Les casques bleus ont cependant estimé que les conditions d’un retour n’étaient « pas encore réunies ». En cause : l’armée israélienne, toujours présente dans plusieurs localités libanaises. Les Nations unies (ONU) ont ainsi appelé Israël à « éviter de tirer sur des civils en territoire libanais ». Pour rappel, en vertu de l’accord qui a mis fin à la guerre entre Israël et le Hezbollah, l’armée israélienne était censée avoir achevé son retrait du Liban, tandis que seuls l’armée libanaise et l’ONU sont autorisés à y être déployés. Mais Israël a annoncé, vendredi 24 janvier, que l’opération se poursuivrait au-delà de cette date, affirmant que l’accord n’a pas été totalement appliqué par le Liban.
« Le gouvernement libanais réaffirme son engagement (…) à poursuivre la mise en œuvre de l’accord de cessez-le-feu jusqu’au 18 février », a confirmé, tôt lundi 27 janvier, l’ancien premier ministre libanais par intérim, Najib Mikati, remplacé par l’ex-président de la Cour internationale de justice (CIJ) à La Haye, Nawaf Salam, mi-janvier. Najib Mikati a annoncé s’être concerté avec le président Joseph Aoun et le chef du Parlement Nabih Berri « au sujet des résultats des contacts menés avec la partie américaine chargée de superviser l’accord ».
Dans une première réaction officielle, le Hezbollah a, de son côté, salué « un jour glorieux » et une « scène de fierté écrite par le grand peuple de la résistance (à Israël) qui prouve à nouveau son attachement profond à sa terre ». Le mouvement libanais a appelé les pays garants de l’accord à « assumer leurs responsabilités face aux violations et aux crimes de l’ennemi israélien, et à l’obliger à se retirer entièrement ».
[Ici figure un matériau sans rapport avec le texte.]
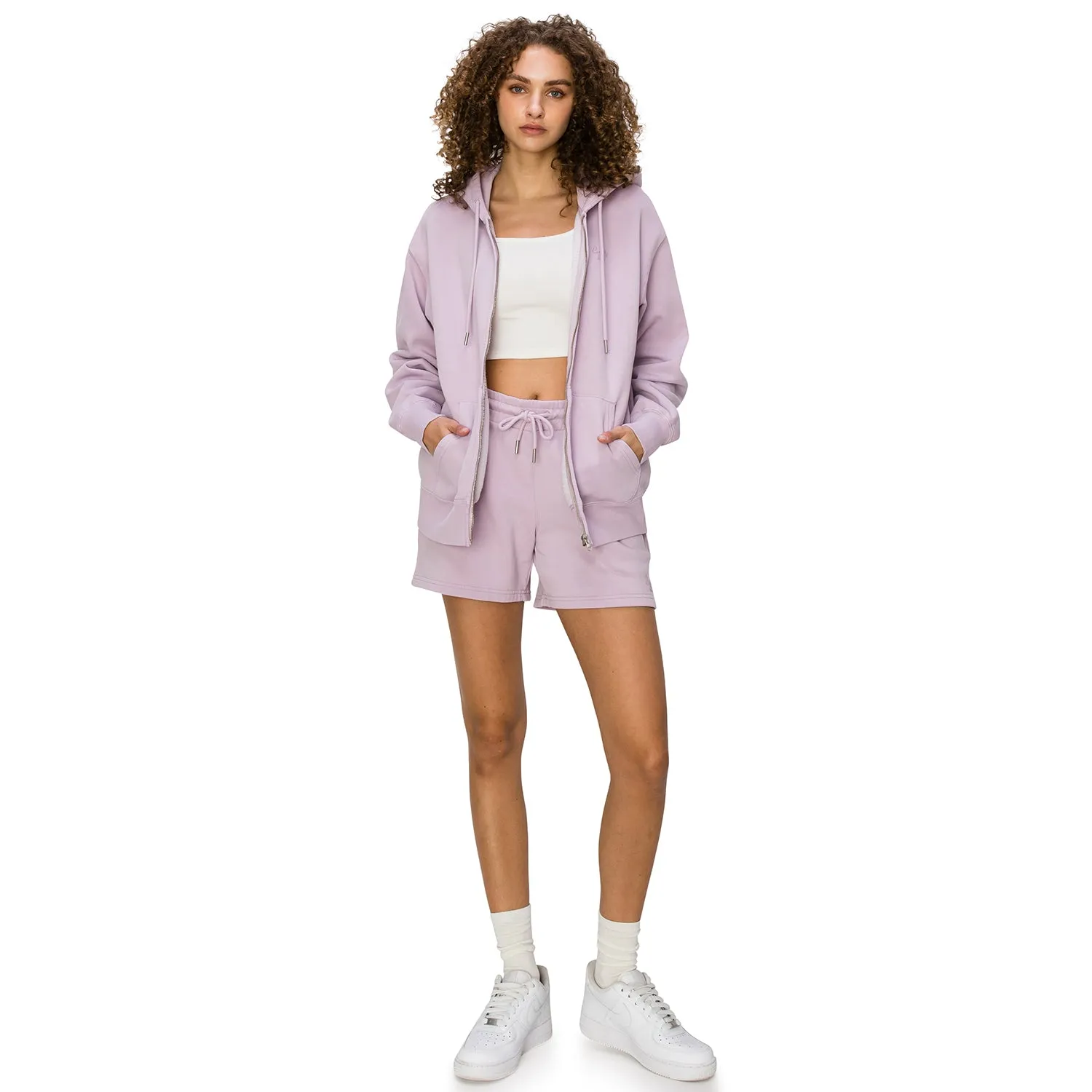 Cloud Fleece Zip Up Hoodie - Lite Lilac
L’armée israélienne a répondu en affirmant que ses soldats avaient lancé « des tirs de sommation pour éliminer des menaces dans plusieurs zones où des suspects ont été identifiés en train de s’approcher des troupes », sans que plus d’informations ne soient communiquées. Parallèlement au retrait israélien, l’accord prévoit que le Hezbollah retire ses forces et démantèle toute infrastructure militaire restante dans le Sud.
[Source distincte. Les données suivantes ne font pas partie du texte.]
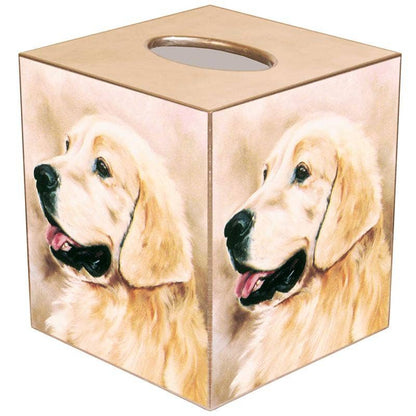 Golden Retriever Tissue Box Cover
Le président libanais tout juste élu, Joseph Aoun, a invité les habitants à faire preuve de « sang-froid » et à « avoir confiance en l’armée libanaise, soucieuse d’assurer votre retour en sécurité dans vos foyers et vos villages ». L’armée, qui se redéploie au fur et à mesure qu’Israël se retire, a annoncé dimanche soir qu’elle « continuait d’accompagner les habitants ». Elle a ajouté « se tenir à leurs côtés pour les protéger face aux attaques israéliennes », alors qu’un mécanisme de surveillance réunissant la France, les États-Unis, le Liban, Israël et les Nations unies avait été mis en place pour surveiller l’application de l’accord.